## Task prompt
Beginning at the line that contains "Subaru Impreza Foto 4", output each line exactly through the end of the records, and drop any pictures.

---- Listed records

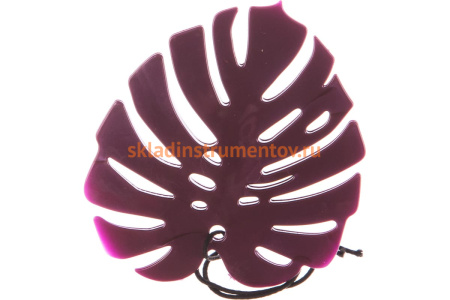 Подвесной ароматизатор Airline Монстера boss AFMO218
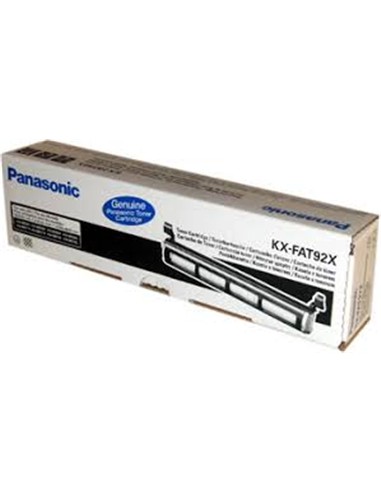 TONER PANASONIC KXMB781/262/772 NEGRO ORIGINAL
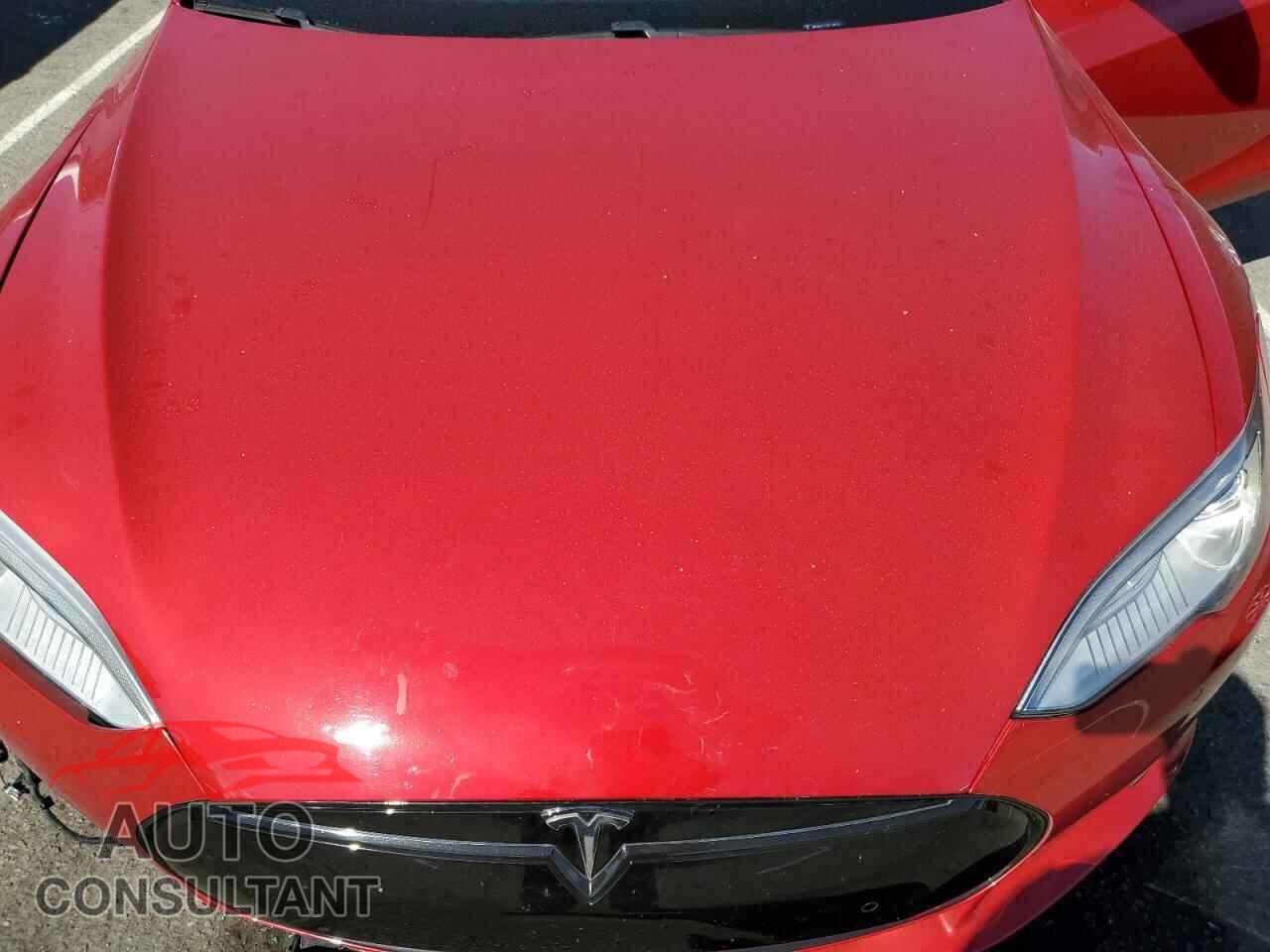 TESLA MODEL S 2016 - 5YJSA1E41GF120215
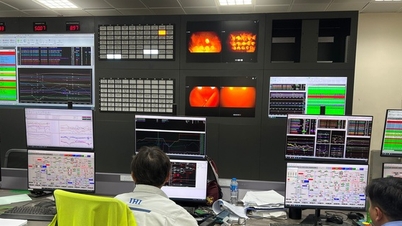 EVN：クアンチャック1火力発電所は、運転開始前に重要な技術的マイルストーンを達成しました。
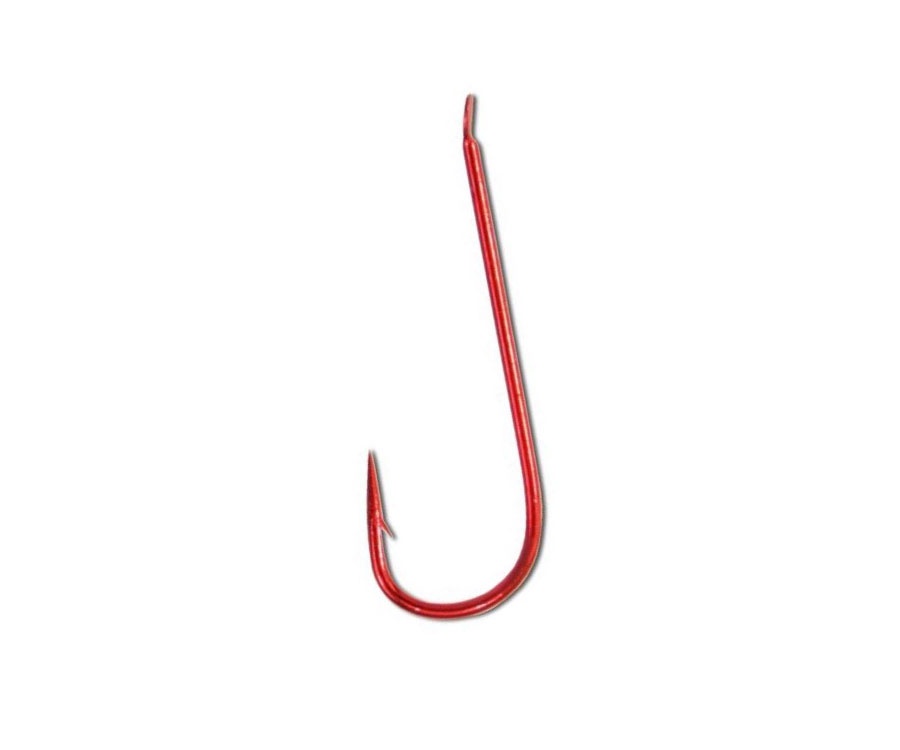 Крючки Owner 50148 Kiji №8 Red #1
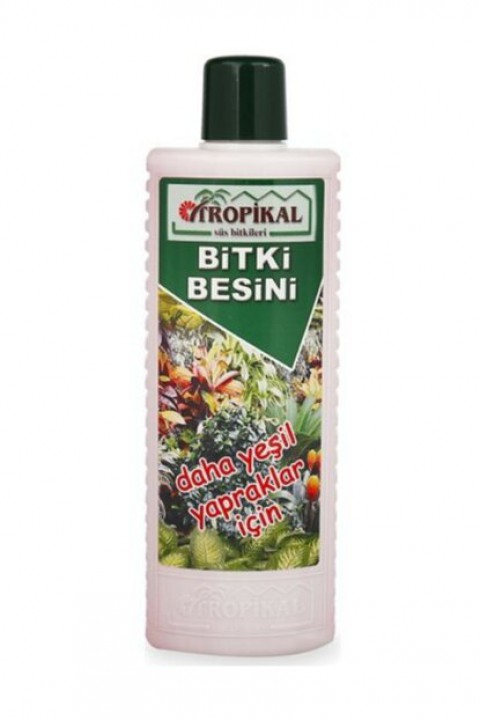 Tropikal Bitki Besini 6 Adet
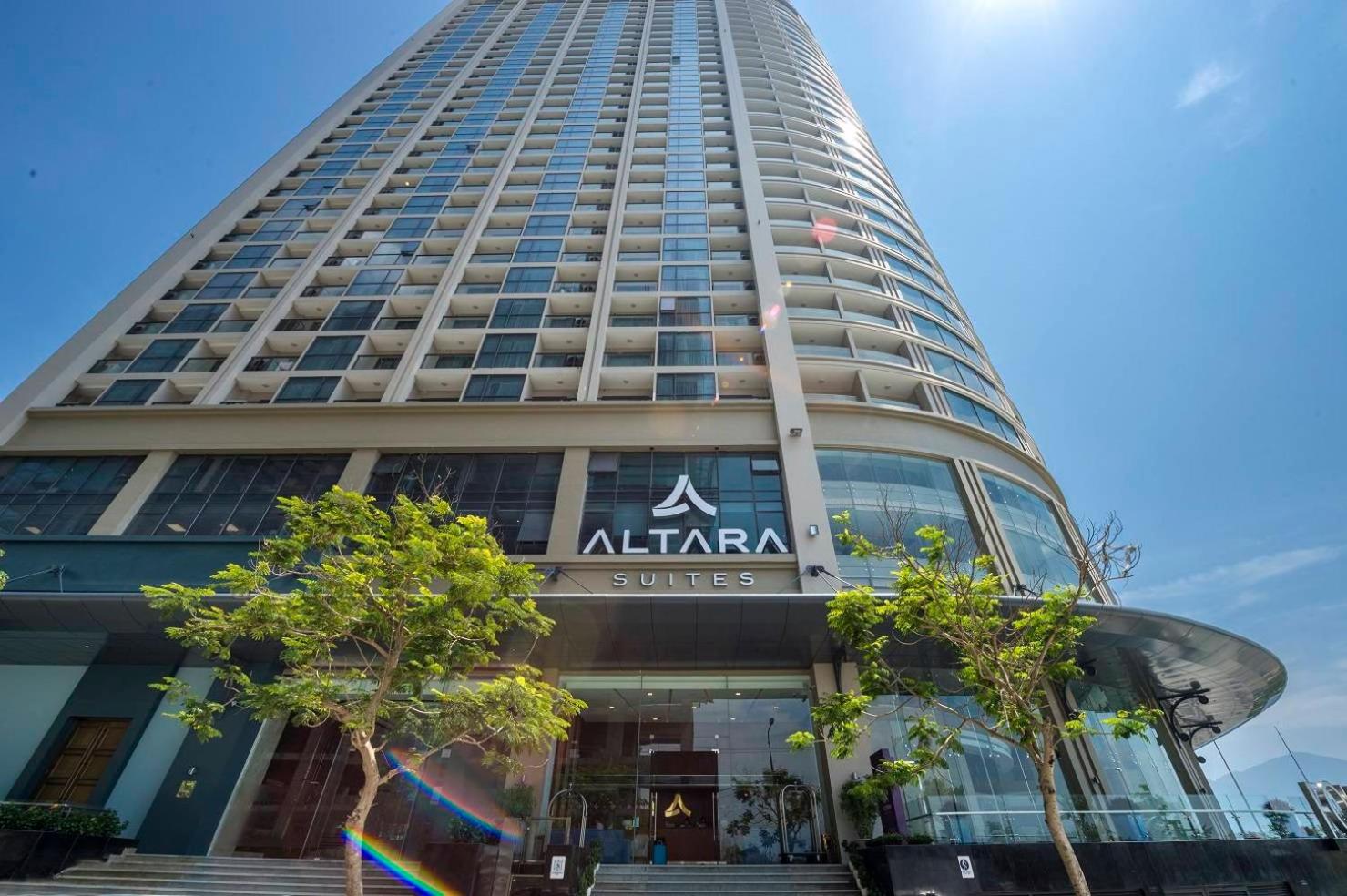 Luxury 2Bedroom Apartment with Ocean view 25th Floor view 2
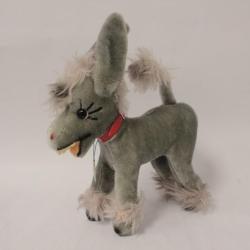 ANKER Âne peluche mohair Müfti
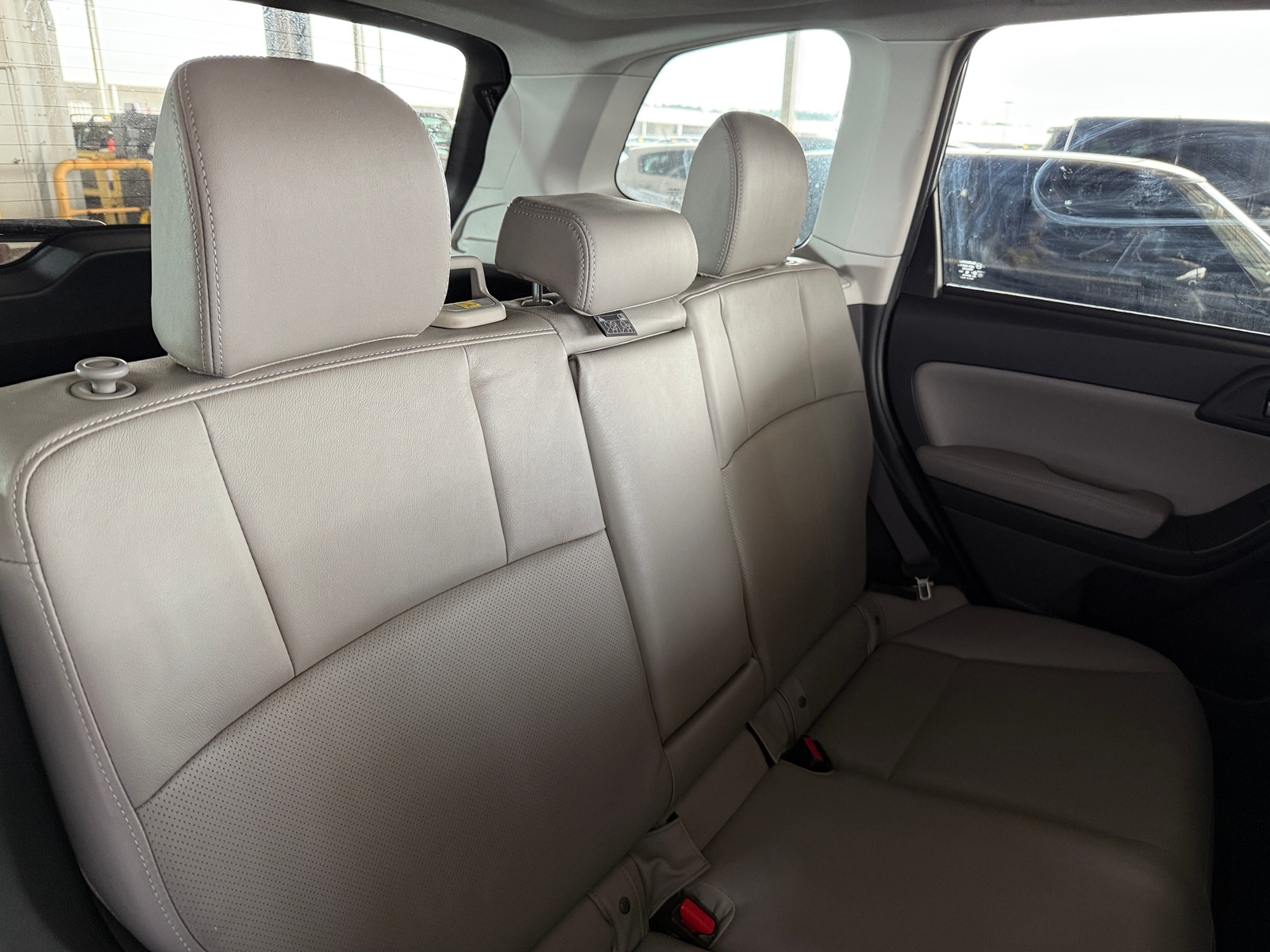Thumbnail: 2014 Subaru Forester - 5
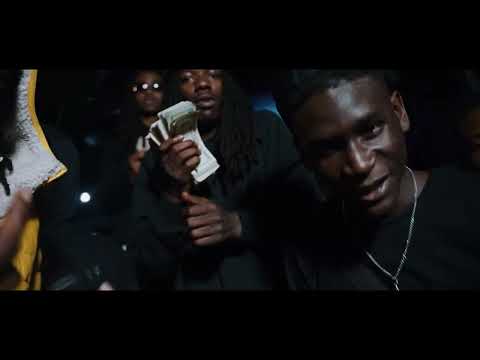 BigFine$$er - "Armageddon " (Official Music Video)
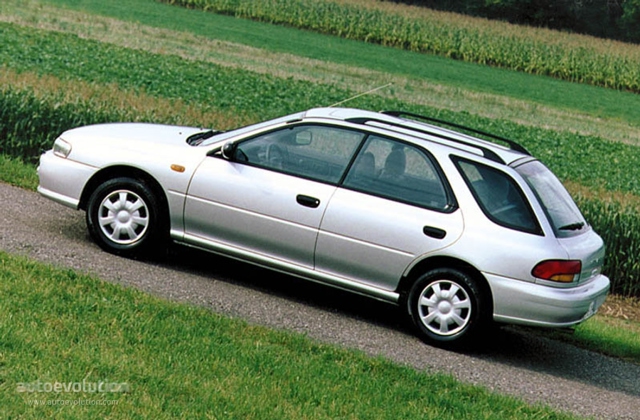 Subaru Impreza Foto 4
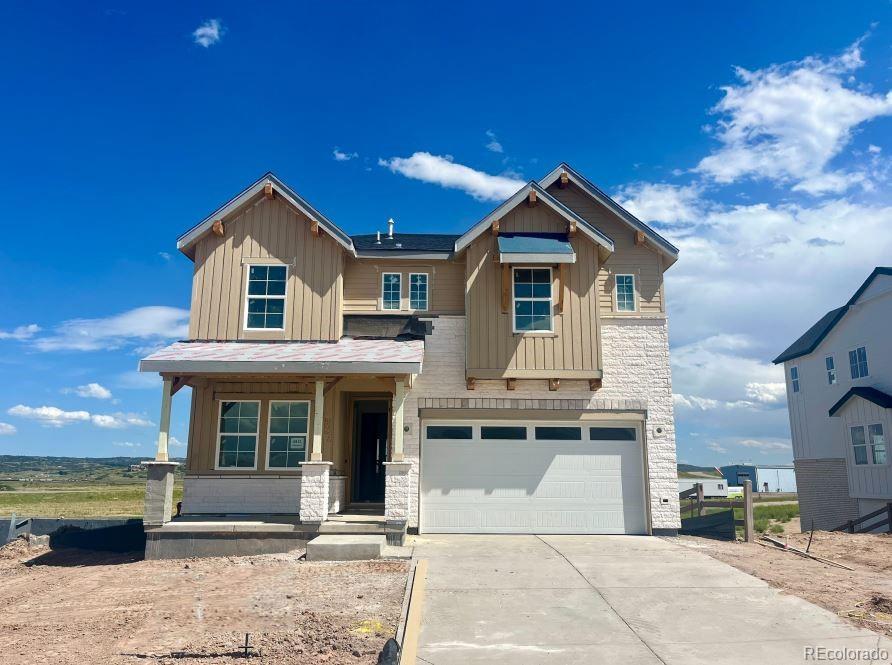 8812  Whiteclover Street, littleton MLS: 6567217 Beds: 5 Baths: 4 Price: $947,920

--------

## Task answer
 Subaru Impreza Foto 4
 8812  Whiteclover Street, littleton MLS: 6567217 Beds: 5 Baths: 4 Price: $947,920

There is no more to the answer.